● Exercise goal
Your response should consist of the entries below, reproduced exactly and without their images.

** Available records follows **

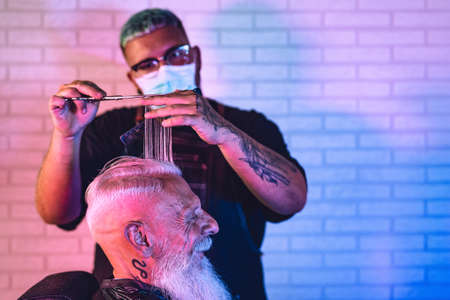Male hairdresser cutting hair to hipster senior client while wearing face surgical mask - Young hairstylist working in barbershop during corona virus outbreak - Health care and haircut salon conceptの写真素材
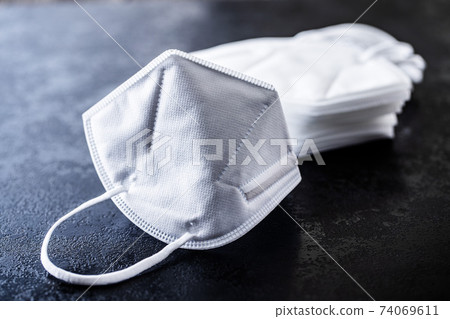 KN95 face mask. FFP2 mask as covid-19 protection. Coronavirus mask 74069611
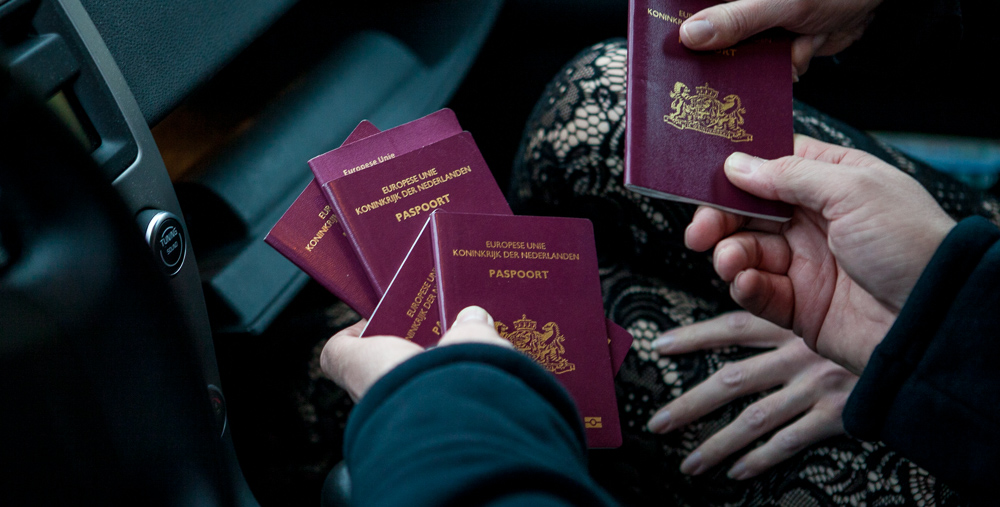 Foto van paspoorten die ingenomen worden door een persoon. Ter illustratie van het CCV-dossier Mensenhandel.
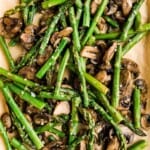 Roasted garlic asparagus and mushrooms is a simple vegan sheet pan side dish that‘s easy to make, flavorful and delicious. Serve with your favorite protein. | aheadofthyme.com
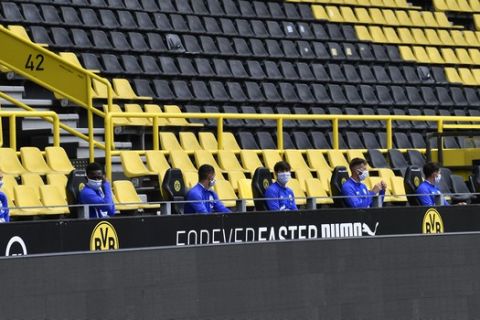 Schalke alternate players sit on the bench during the German Bundesliga soccer match between Borussia Dortmund and Schalke 04 in Dortmund, Germany, Saturday, May 16, 2020. The German Bundesliga becomes the world's first major soccer league to resume after a two-month suspension because of the coronavirus pandemic. (AP Photo/Martin Meissner, Pool)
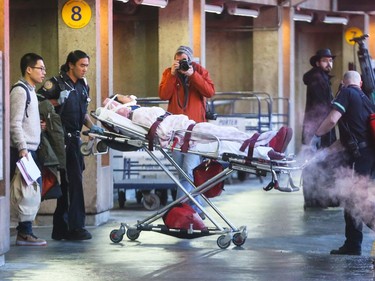 Patients are transported to hospital from the Calgary International Airport in Calgary on Wednesday, December 30, 2015.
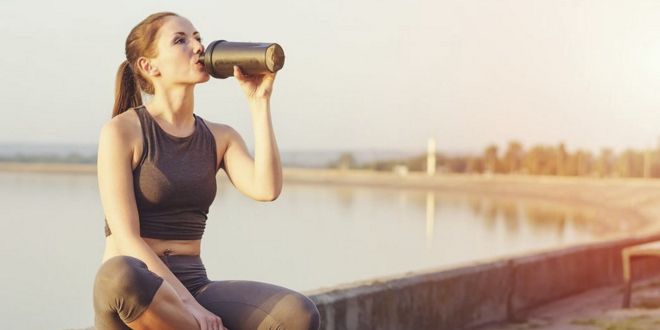 Woman drinking a protein shake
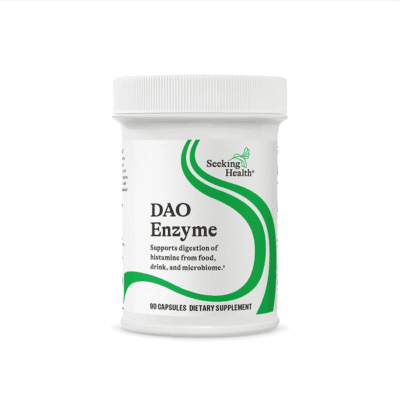White bottle labeled Seeking Health DAO Enzyme dietary supplement with green curved design containing 90 capsules, supports digestion of histamine from food, drink, and microbiome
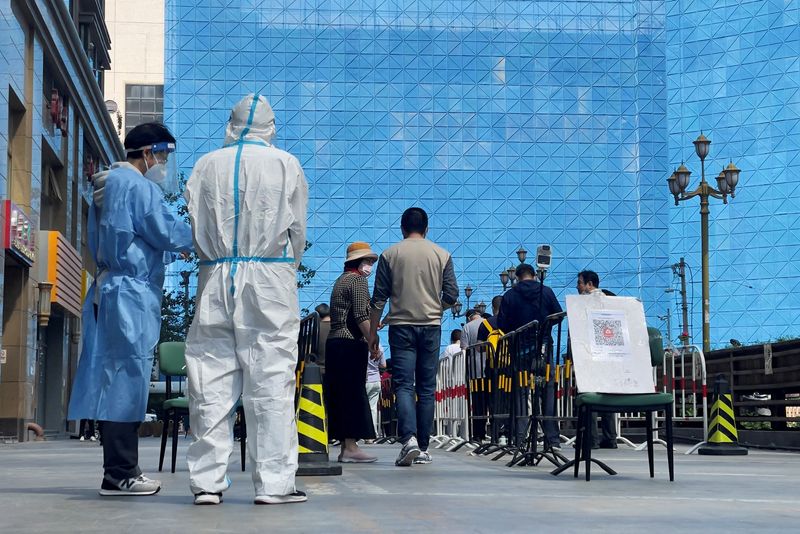 &copy; Reuters. Trabajadores con trajes de protección junto a personas que hacen cola en un lugar improvisado para realizar pruebas de ácido nucleico durante una prueba masiva de la enfermedad del coronavirus (COVID-19) en el distrito de Chaoyang de Pekín, China, el 4
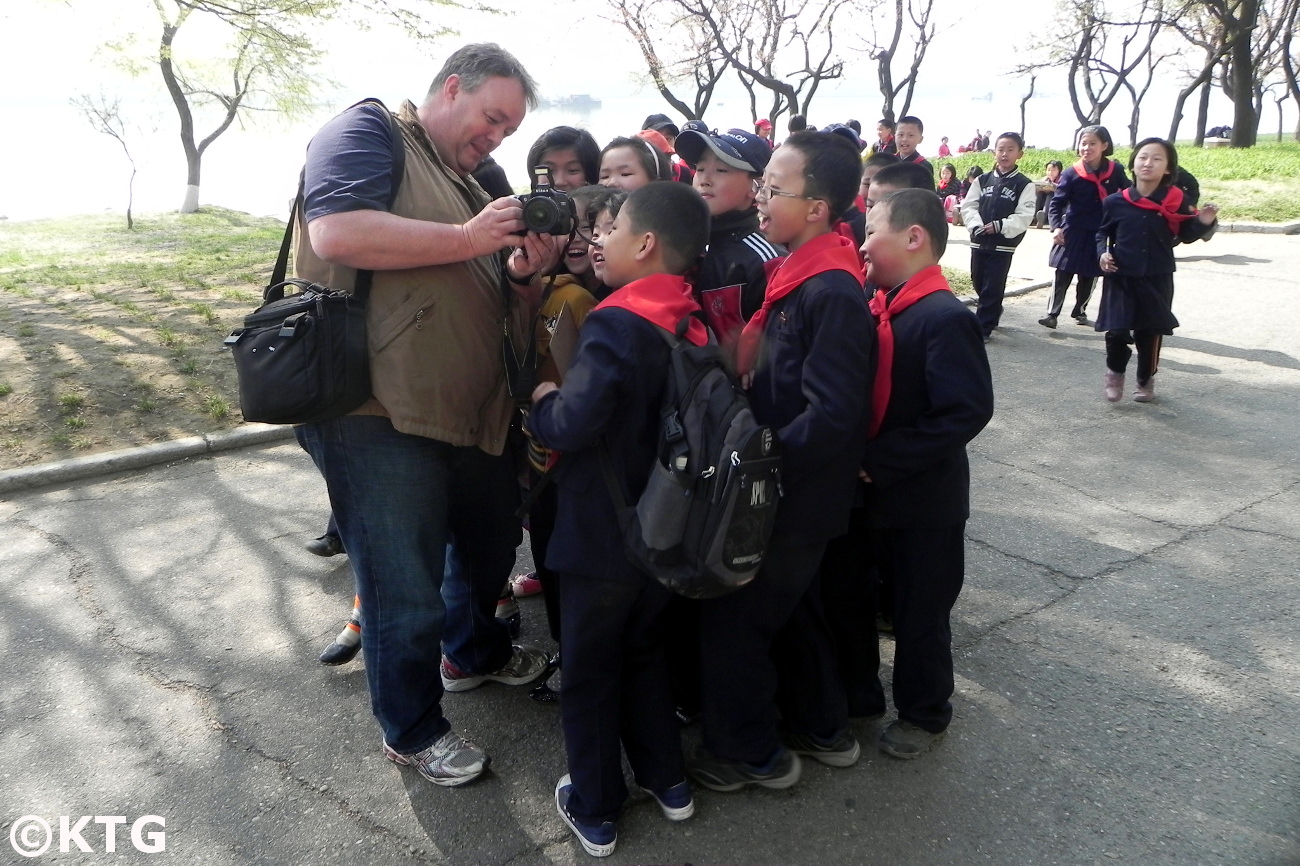 KTG-Reisender zeigt nordkoreanischen Kindern ein gerade aufgenommenes Bild. Dies war am Taedong-Fluss in Pjöngjang, der Hauptstadt der DVRK (Nordkorea). Reise arrangiert von KTG Tours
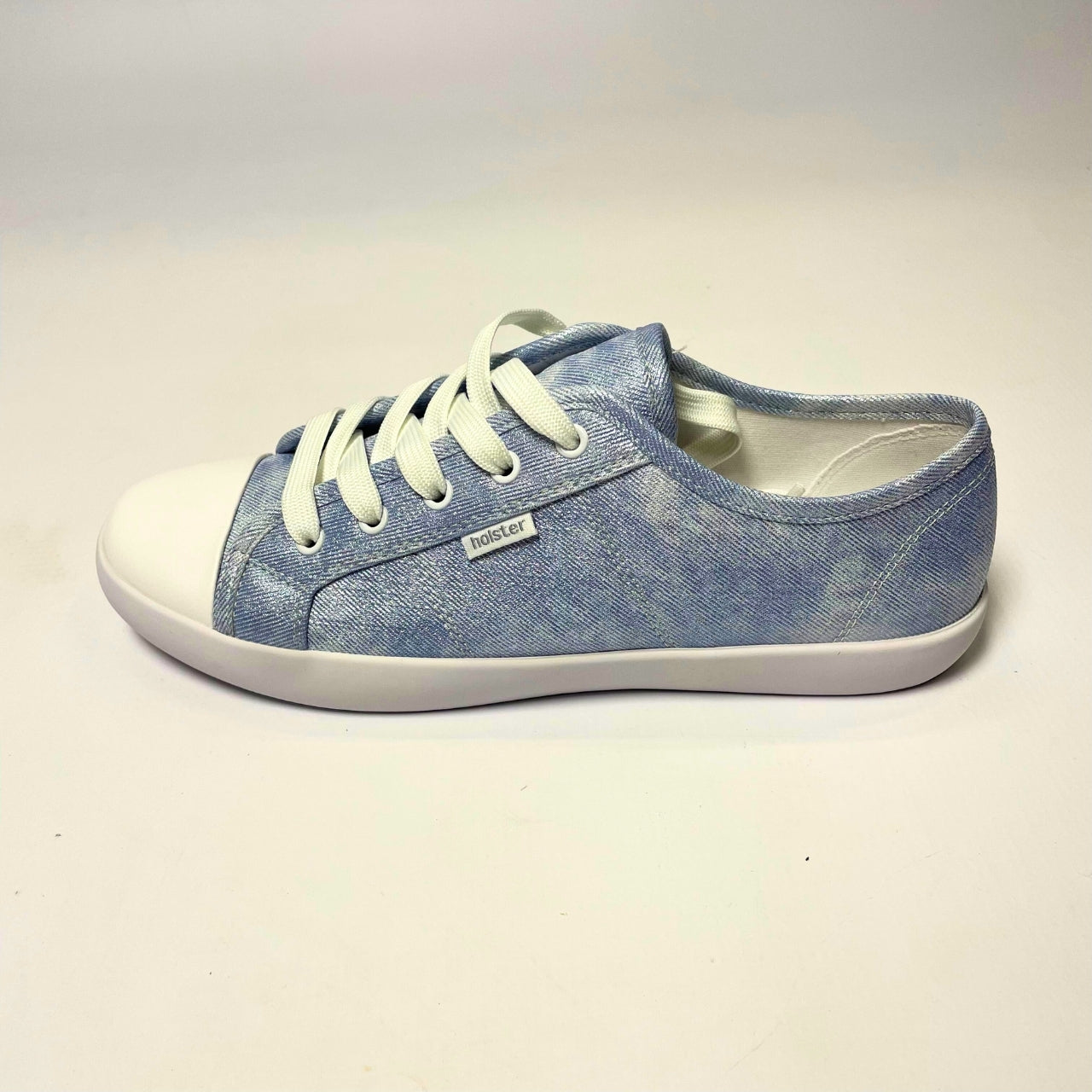 Holster Cleo Light Denim Shimmer Sneaker – Vegan-friendly, cruelty-free lace-up sneaker with a fabric shimmer PU upper and white PU toe cap. Features soft cotton lining, padded PU foam insole, and non-slip rubber outsole. Designed with antibacterial and anti-mould properties for lasting freshness. 3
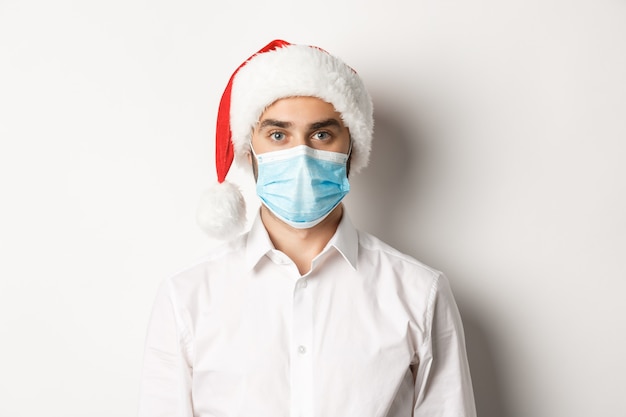 Concept van covid-19, sociaal afstand nemen en wintervakantie. Close-up van jonge man met kerstmuts en gezichtsmasker van coronavirus, Nieuwjaar vieren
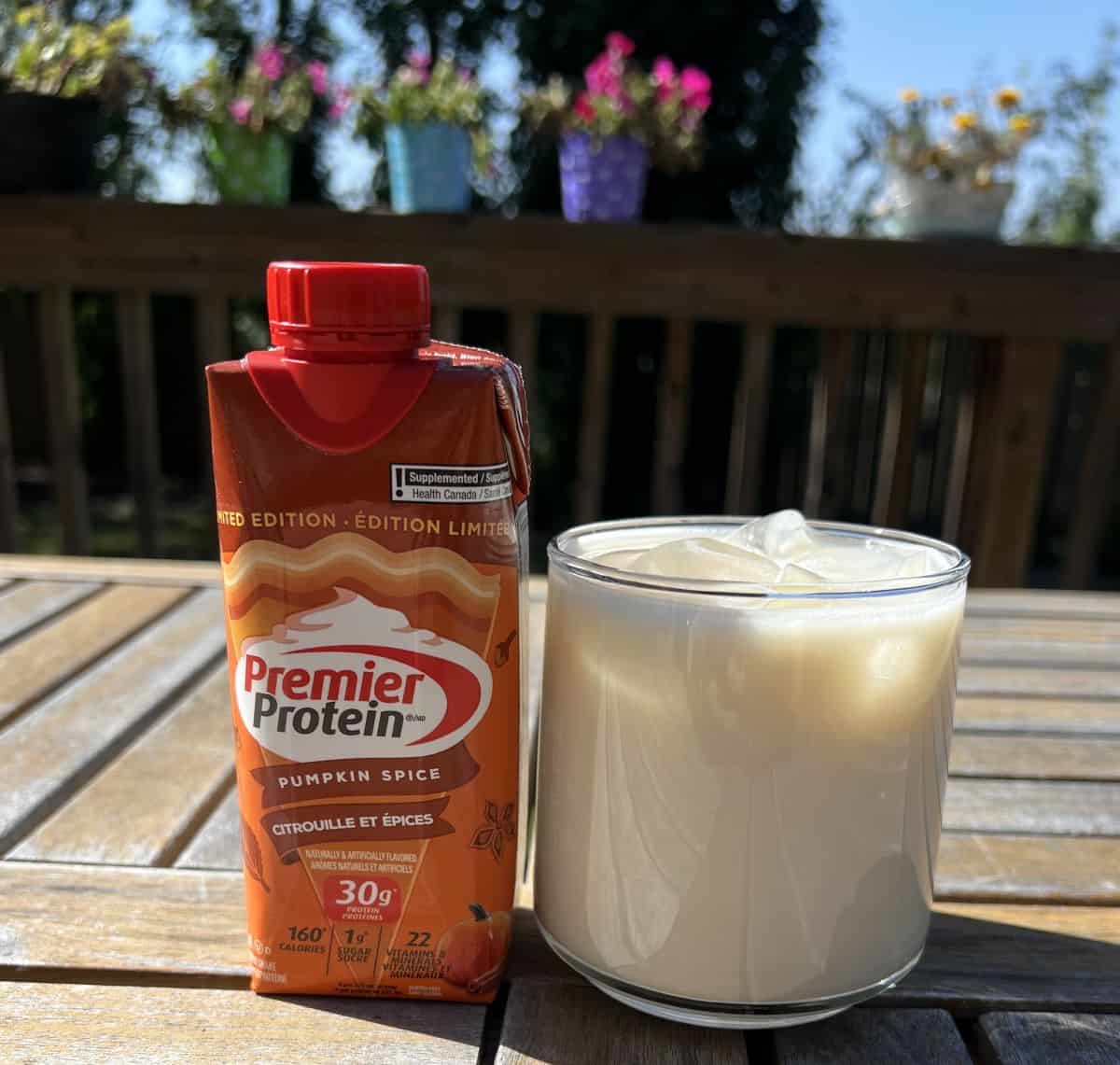Image of one pumpkin spice Premier Protein shake sitting beside a glass of protein shake with ice in it.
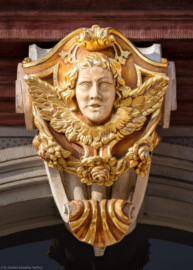 Schloss Bruchsal - Hofkirche - Von Norden / Hofseite - Nordportal - Volute / Kartusche mit Kopf (aufgenommen im Mai 2018, am Vormittag)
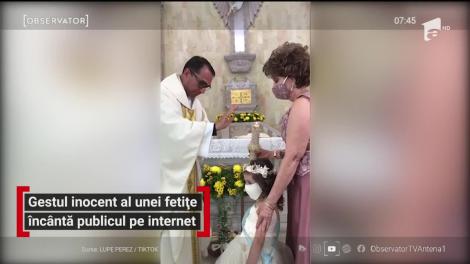 Reacţia inocentă a unei fetiţe în timpul unei ceremonii catolice a devenit viral de pe internet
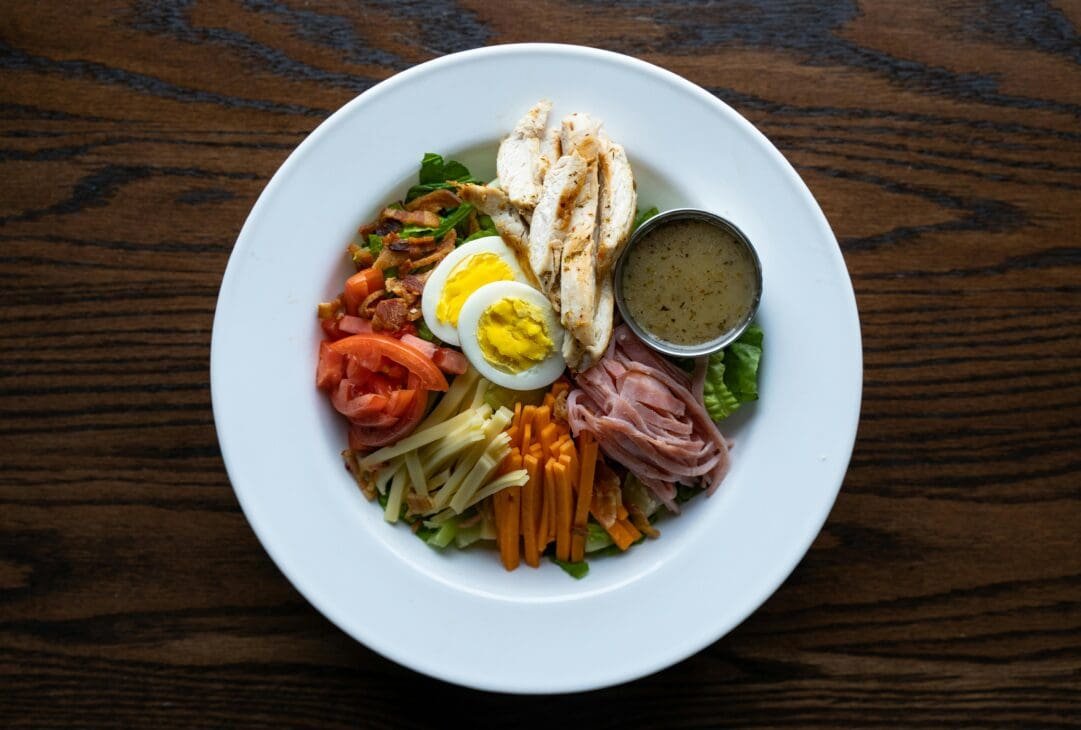 Protein-rich foods including chicken breast, salmon, eggs, Greek yogurt, lentils, and tofu arranged on a plate to illustrate protein as the body’s building blocks.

** End of Available records **

● Response box
Male hairdresser cutting hair to hipster senior client while wearing face surgical mask - Young hairstylist working in barbershop during corona virus outbreak - Health care and haircut salon conceptの写真素材
 KN95 face mask. FFP2 mask as covid-19 protection. Coronavirus mask 74069611
 Foto van paspoorten die ingenomen worden door een persoon. Ter illustratie van het CCV-dossier Mensenhandel.
 Roasted garlic asparagus and mushrooms is a simple vegan sheet pan side dish that‘s easy to make, flavorful and delicious. Serve with your favorite protein. | aheadofthyme.com
 Schalke alternate players sit on the bench during the German Bundesliga soccer match between Borussia Dortmund and Schalke 04 in Dortmund, Germany, Saturday, May 16, 2020. The German Bundesliga becomes the world's first major soccer league to resume after a two-month suspension because of the coronavirus pandemic. (AP Photo/Martin Meissner, Pool)
 Patients are transported to hospital from the Calgary International Airport in Calgary on Wednesday, December 30, 2015.
 Woman drinking a protein shake
White bottle labeled Seeking Health DAO Enzyme dietary supplement with green curved design containing 90 capsules, supports digestion of histamine from food, drink, and microbiome
 &copy; Reuters. Trabajadores con trajes de protección junto a personas que hacen cola en un lugar improvisado para realizar pruebas de ácido nucleico durante una prueba masiva de la enfermedad del coronavirus (COVID-19) en el distrito de Chaoyang de Pekín, China, el 4
 KTG-Reisender zeigt nordkoreanischen Kindern ein gerade aufgenommenes Bild. Dies war am Taedong-Fluss in Pjöngjang, der Hauptstadt der DVRK (Nordkorea). Reise arrangiert von KTG Tours
 Holster Cleo Light Denim Shimmer Sneaker – Vegan-friendly, cruelty-free lace-up sneaker with a fabric shimmer PU upper and white PU toe cap. Features soft cotton lining, padded PU foam insole, and non-slip rubber outsole. Designed with antibacterial and anti-mould properties for lasting freshness. 3
 Concept van covid-19, sociaal afstand nemen en wintervakantie. Close-up van jonge man met kerstmuts en gezichtsmasker van coronavirus, Nieuwjaar vieren
Image of one pumpkin spice Premier Protein shake sitting beside a glass of protein shake with ice in it.
 Schloss Bruchsal - Hofkirche - Von Norden / Hofseite - Nordportal - Volute / Kartusche mit Kopf (aufgenommen im Mai 2018, am Vormittag)
 Reacţia inocentă a unei fetiţe în timpul unei ceremonii catolice a devenit viral de pe internet
 Protein-rich foods including chicken breast, salmon, eggs, Greek yogurt, lentils, and tofu arranged on a plate to illustrate protein as the body’s building blocks.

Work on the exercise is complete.